**PROBLEM STATEMENT**
Under this line are the records; repeat exactly the lines starting at the one containing "앙뉴 로사 사이즈 16 (230)색상 블랙(택배비포함) 이미지" and ending at the one containing "Cassie online show from January 2, 9:50 pm", omitting pictures.
# # #
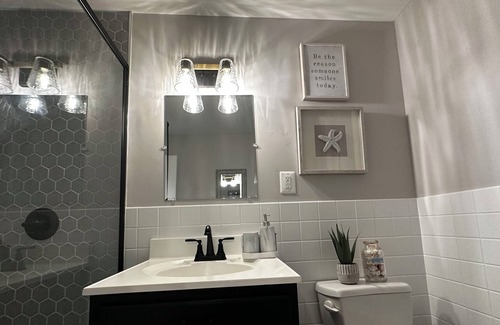 Annapolis Casa | Semper Fi guest home 2 mins away from Annapolis Harbour Center!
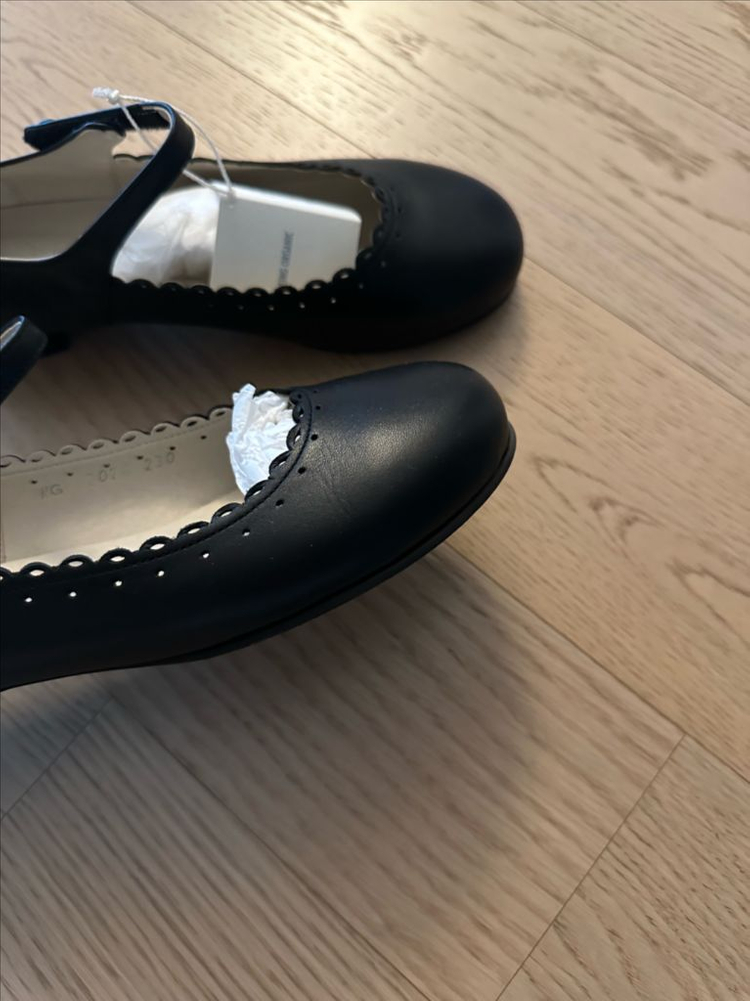 앙뉴 로사 사이즈 16 (230)색상 블랙(택배비포함) 이미지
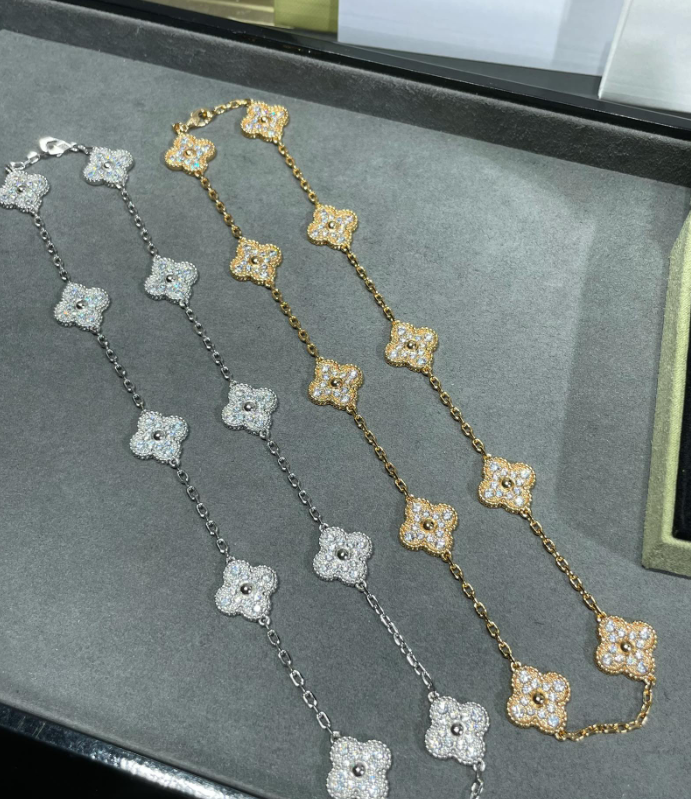 [¡®Twinkle jewelry¡¯]CLOVER 10 MOTIFS FULL DIAMOND NECKLACE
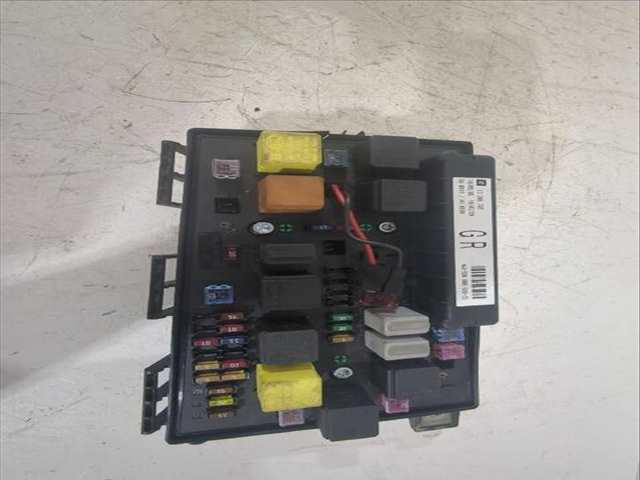 Caja Reles Fusibles Opel Astra 1.7 CDTI L48) 100CV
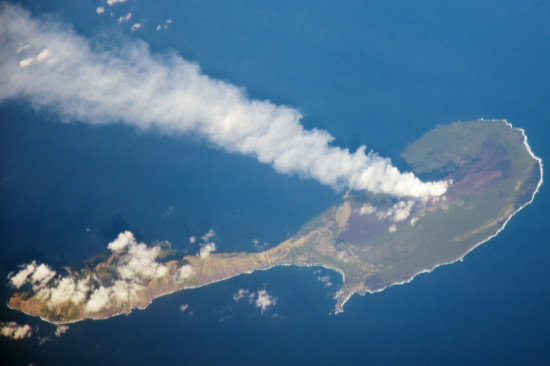 Erupce sopky na ostrově Pagan na snímku z ISS z 15. března. Credit: NASA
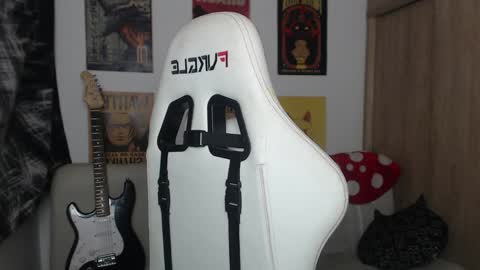 Cassie online show from January 2, 9:50 pm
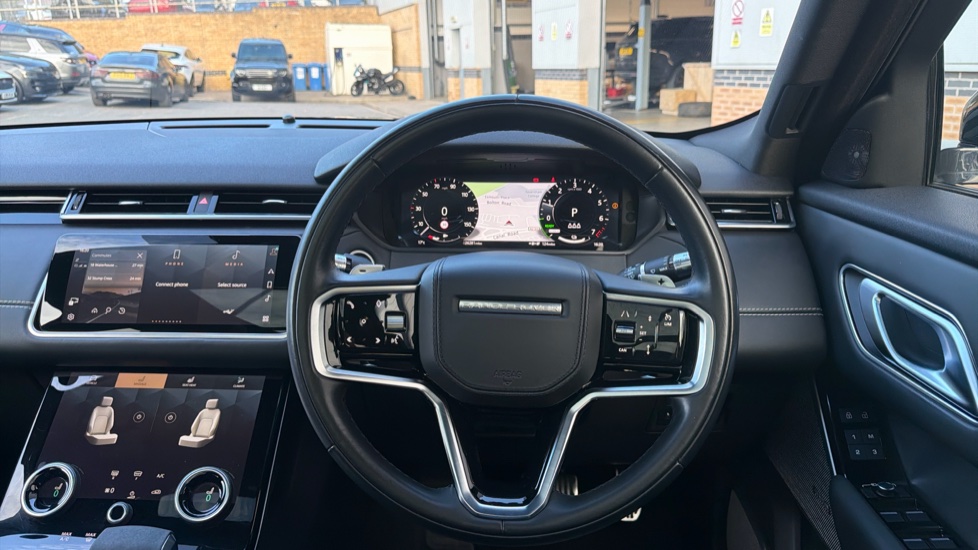 Land Rover Range Rover Velar 2.0 P400e R-Dynamic HSE 5dr Auto Estate - Image 15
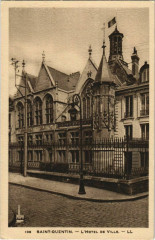 Saint Quentin- Hotel de Ville France à Saint-Quentin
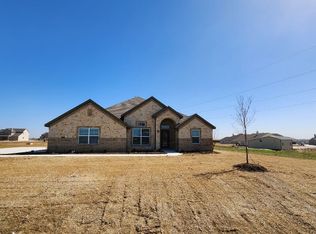 183 Spicewood Trl, Rhome, TX 76078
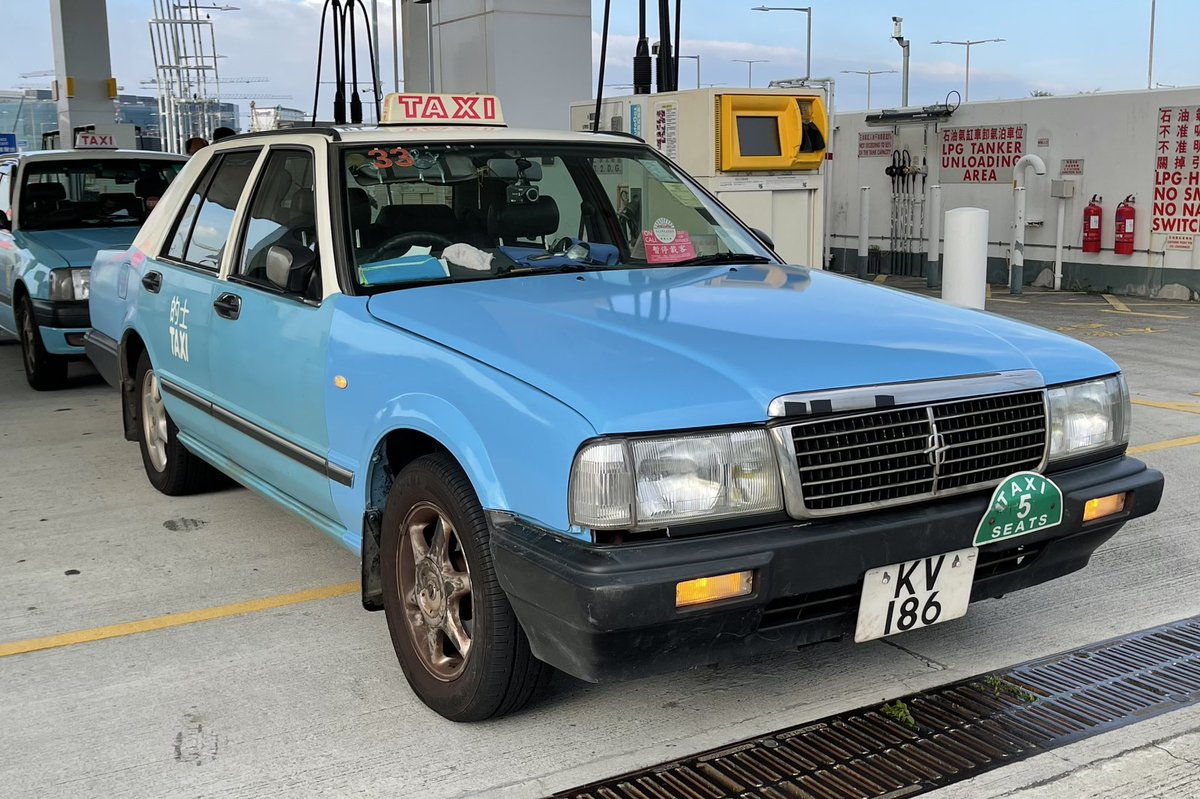 Nissan Cedric Y31 Hong Kong Lantau Island Taxi 日産 セドリック Y31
# # #
**SOLUTION TO THIS PROBLEM**
 앙뉴 로사 사이즈 16 (230)색상 블랙(택배비포함) 이미지
 [¡®Twinkle jewelry¡¯]CLOVER 10 MOTIFS FULL DIAMOND NECKLACE
 Caja Reles Fusibles Opel Astra 1.7 CDTI L48) 100CV
 Erupce sopky na ostrově Pagan na snímku z ISS z 15. března. Credit: NASA
 Cassie online show from January 2, 9:50 pm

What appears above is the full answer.